We’d do better to accommodate ourselves to their nature and live within them. And live well within them. Just as we don’t have frolics in the sun during winter, we may not be bubbling with joy in the hard times. But demanding they end does not end them sooner. It just makes them harder.
The trick is to live winter on winter’s terms. I am pretty clear that it is easier to do if you understand winter as something that precedes summer and follows summer.
Does the analogy of the seasons apply to our non-agricultural, frenetic, confused modern lives?
When it is less clear that our suffering “is not our fault,” or when it is not clear when our suffering will end, I’ve found it helps to find a mentor who might explain the objective situation. It also helps to live through hard times in a group. Because much of our fretting is really a cry of “why me?”, when we are all in it together, at least we do not have to protest that the hard times are part of our personality.
When we are leading a group in times of suffering and distress, I’ve found 3 things help.
- Bring together people who suffer in the same way.

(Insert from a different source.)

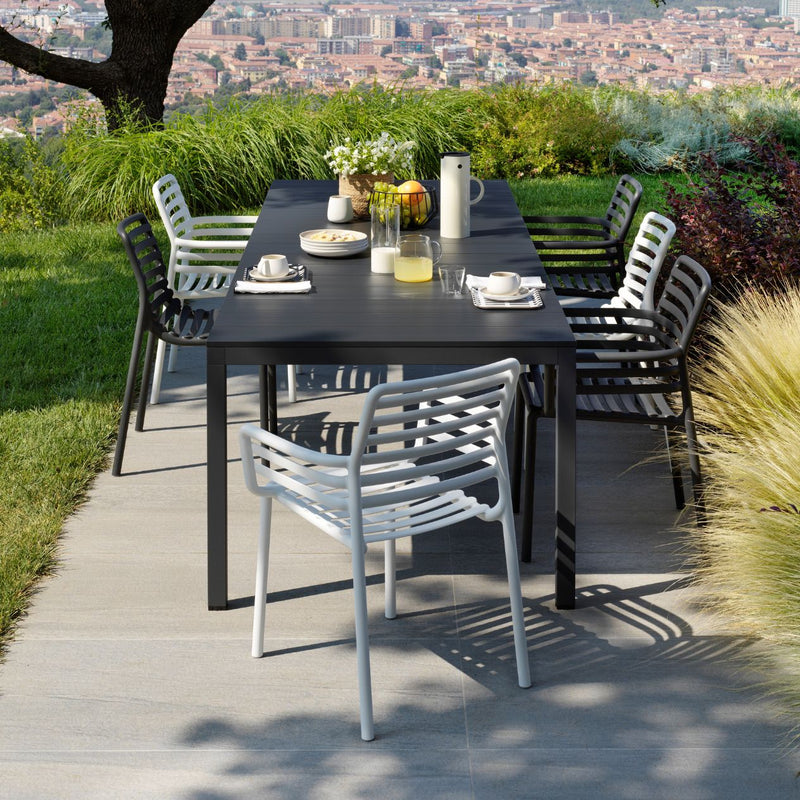 Alfresco furniture setup with black Nardi Rio extension dining table, white and black resin chairs, styled with fruit and drinks, surrounded by greenery with a view of an Italian city in the background.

When they hear each other’s stories, they’ll sort out in their minds what is a feature of the situation and what is in their minds. But don’t tell them to cheer up or that it will all be alright! Dismissing their hardship is insulting and confuses them more.
- Assure them that you will be there for them and live your promise.
Listen. Engage eye contact. Be interested in their story. When they hear themselves telling their story and they see you still listening, they’ll calm down, a lot. Life will still be hard but you won’t have made it harder. They know they have you at least.
- And celebrate what goes well.
Don’t pick on one small thing and say that the life cannot be hard if that one thing went well! That is also very debilitating. They do not need their reality dismissed or tell feel an impossible distance from you. Just give them the space to talk about what is going well. That reinforces your relationship and you will hear more about what goes well. See! Easier for you too. 🙂
Be a warm, companionable log fire in the winter of our lives?
Understanding why bad times is part of happiness is tough, and living through hard times happily is tougher
I hope using seasons helps you understand the issue. And that the 3 forms of aid for your group are helpful. They are classical prescriptions from positive psychology.
And of course we can ponder why we made happiness so hard to understand in Western thought when we began with the right advice in the Bible! The philosophers can help us with that!